Keep your payment wallets safe: what to look out for in a SIM port attack

sim port attacks

Payment wallet providers like MuchBetter are continuously improving the methods we use to protect our customers’ accounts and money. Two factor authentication, biometrics and dynamic passwords add multiple layers of protection that makes it hard for an attacker to hack your accounts.

But cyber attackers are persistent and are constantly looking for ways to get around the controls you have in place. This is the case with a SIM port attack, an attack that involves the hacker having enough identifiable information about you to be able to port your mobile phone’s SIM card and take control of all accounts linked your phone.

What happens in a SIM port attack?

A recent article on Medium provides a timeline of how a SIM port attack took place, draining the victim’s Coinbase account of $100,000.000. He describes feeling anxious, remorseful and embarrassed following this attack, not least because if he had spotted key tell-tale signs he might have prevented the attacker getting hold of his cash.

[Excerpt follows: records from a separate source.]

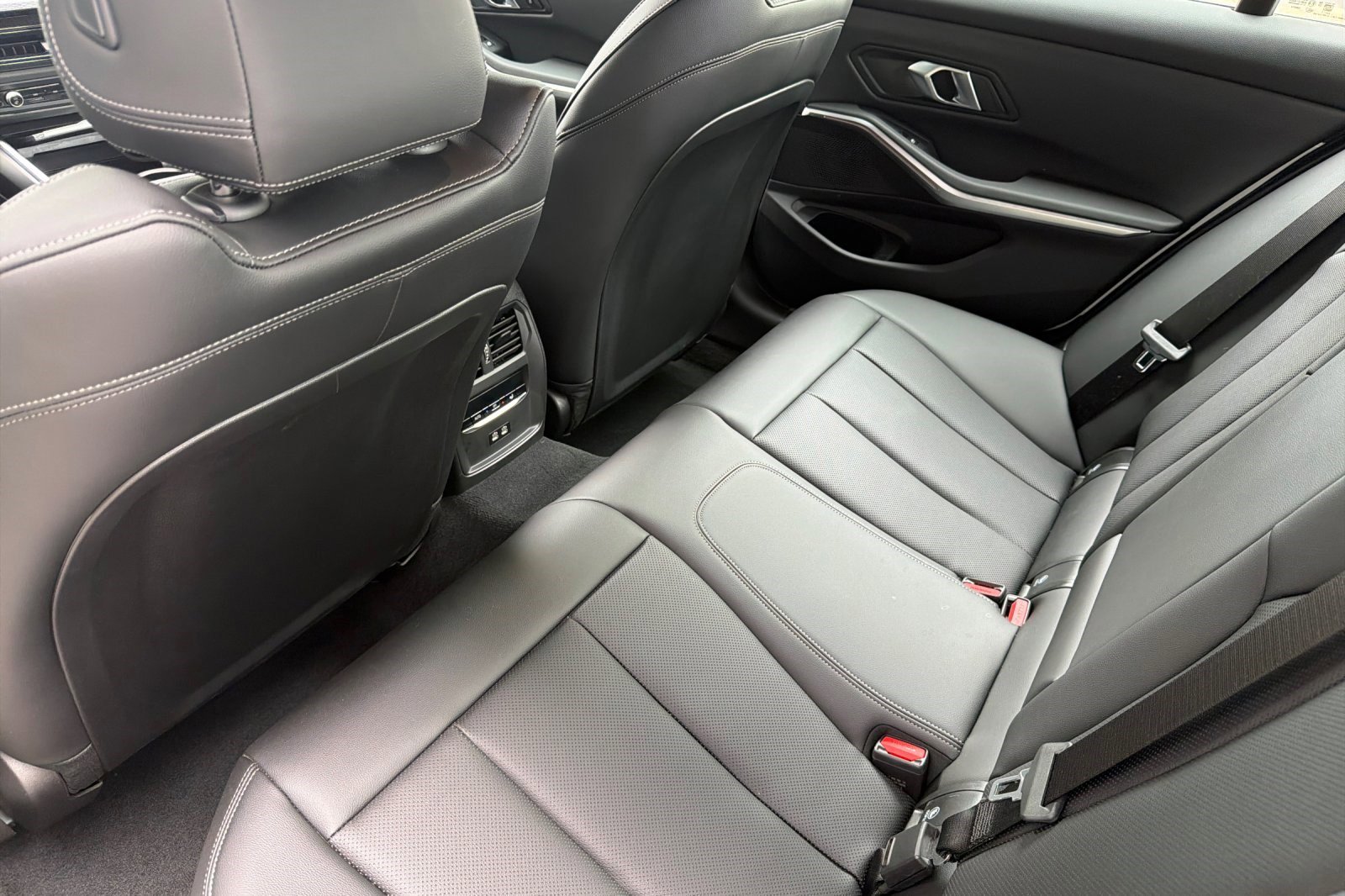 Used 2026 BMW 330i Sedan w/ M Sport Package image 15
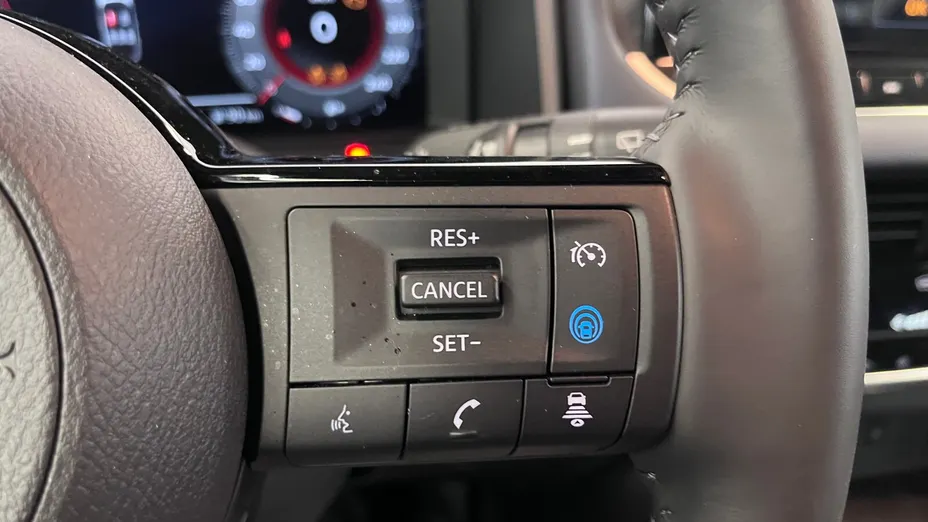 NISSAN Qashqai Qashqai 1.3 DIG-T mHEV Tekna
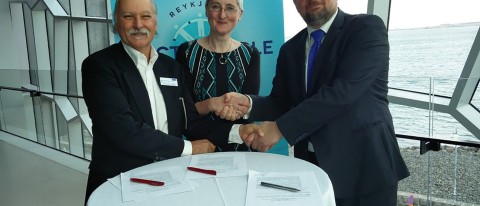 UNE's Barry Costa-Pierce shakes hands with Erla Björk Örnólfsdóttir and Eyjólfur Guðmundsson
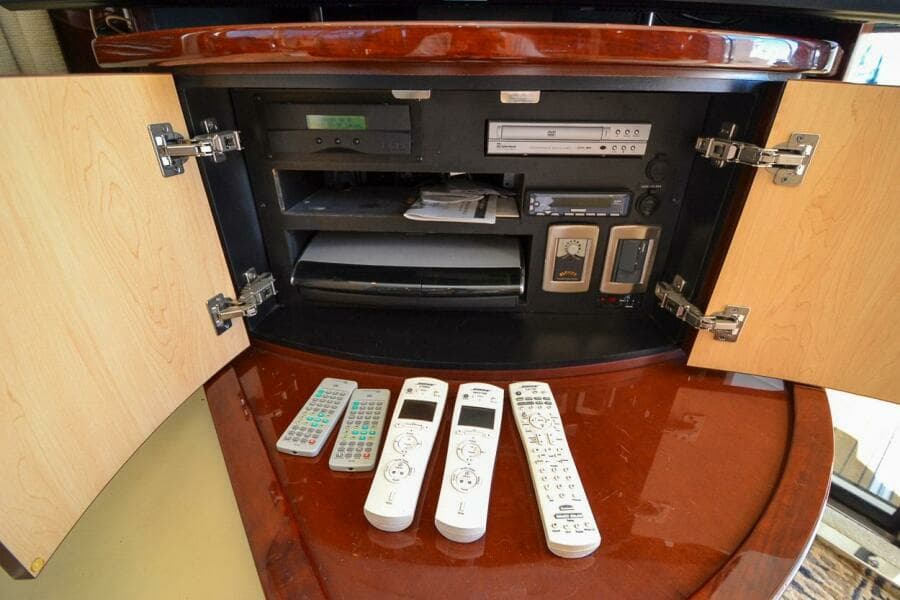 2007 Sea Ray 52 Sedan Bridge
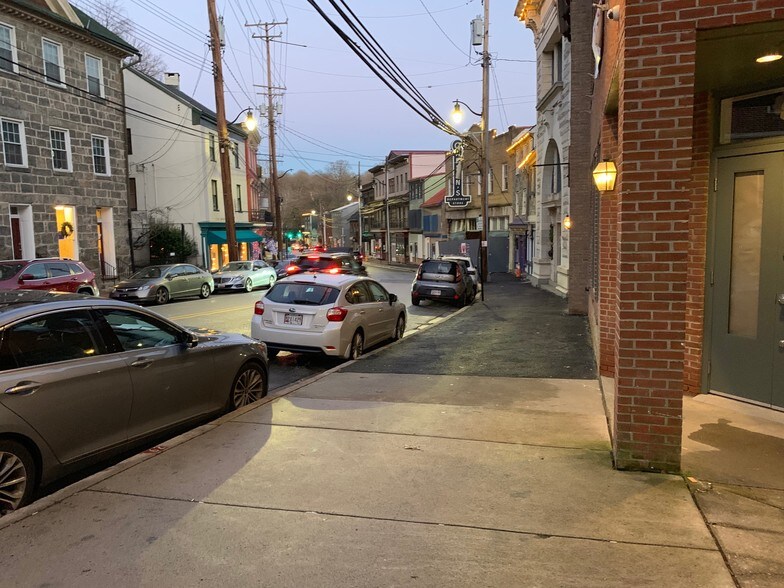 More Photos Of 8155-8167 Main St, Ellicott City Storefront Retail Office For Lease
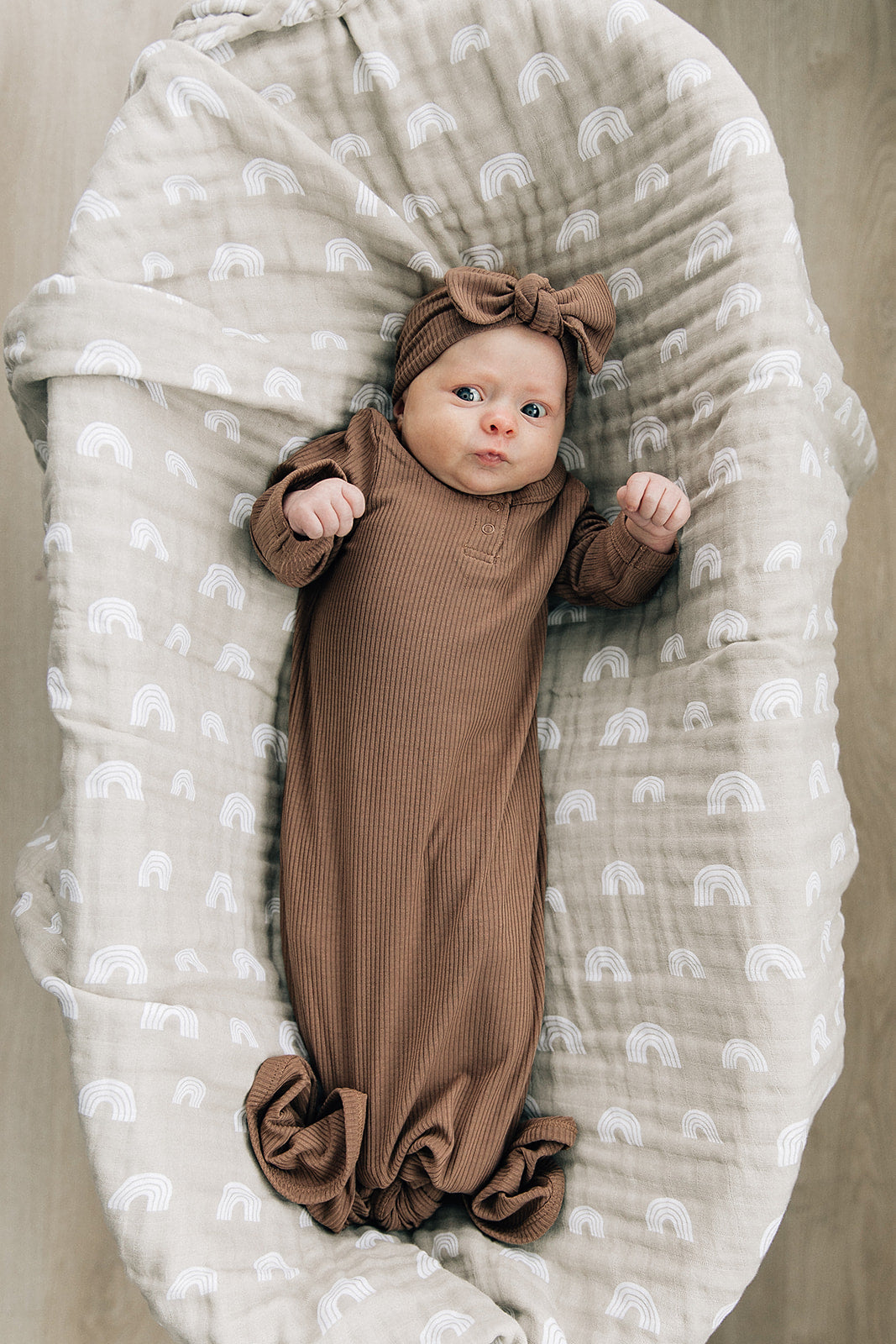 Mebie Baby Sand Rainbow Muslin Quilt. Mebie Baby Gender Neutral Infant Muslin quilt its 100% cotton. Looks great in any nursery. 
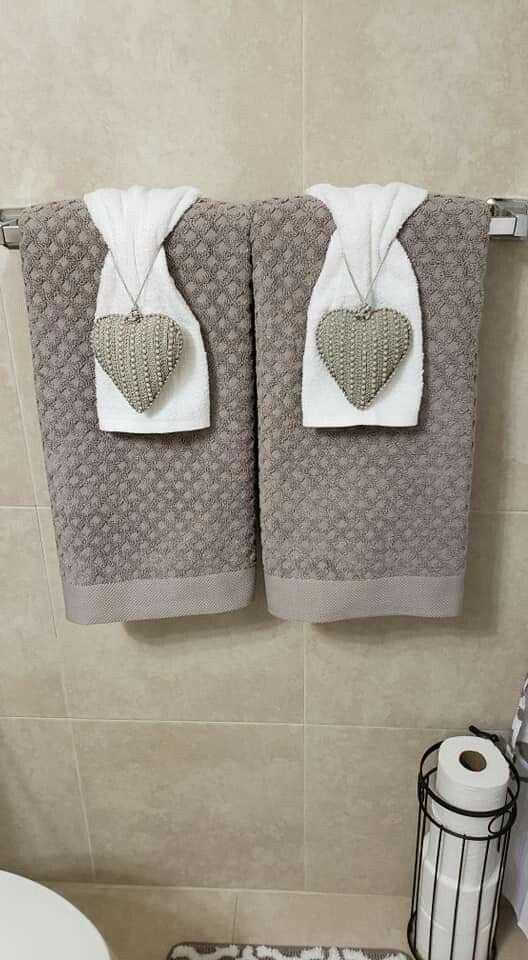 Decorative Towels for Bathroom Ideas 38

Here’s what happens in a SIM port attack:

1. The attacker gets enough personally identifiable information so they can impersonate you and request to port your SIM card to a device they control,
2. The attacker initiates the password recovery on the email account associated with your SIM,
3. Since they control your SIM they get the verification code and can now reset your password and access your email,
4. With control of your email account they can request password resets on all the online accounts where your email address is used as an authentication source – such as social media, bank accounts etc.

This type of attack is far from opportunistic, victims are targeted based on the information they share online. It’s also an attack that can take time, from the initial SIM port request to the attacker getting their hands on your money. In fact, 24 hours in the case of the Coinbase customer attack, as Coinbase has a 24 hour password reset delay.

What are the tell-tale signs of a SIM port attack?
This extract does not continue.